WORK TO COMPLETE -> Each line of the data below from the one holding "Violin and piano keys on black" to the one holding "Bright pendant with", inclusive, is to be reproduced exactly; no other line belongs in the answer.

PROVIDED DATA ->
________________________

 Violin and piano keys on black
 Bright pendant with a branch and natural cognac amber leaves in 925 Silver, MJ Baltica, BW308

________________________

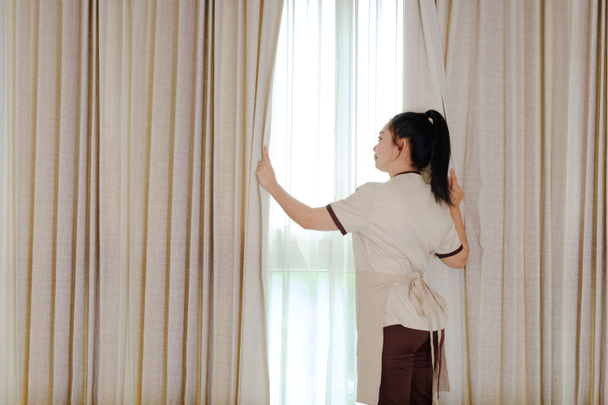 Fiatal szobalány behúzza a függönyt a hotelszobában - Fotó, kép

________________________

SOLUTION TO THIS EXERCISE ->
 Violin and piano keys on black
 Bright pendant with a branch and natural cognac amber leaves in 925 Silver, MJ Baltica, BW308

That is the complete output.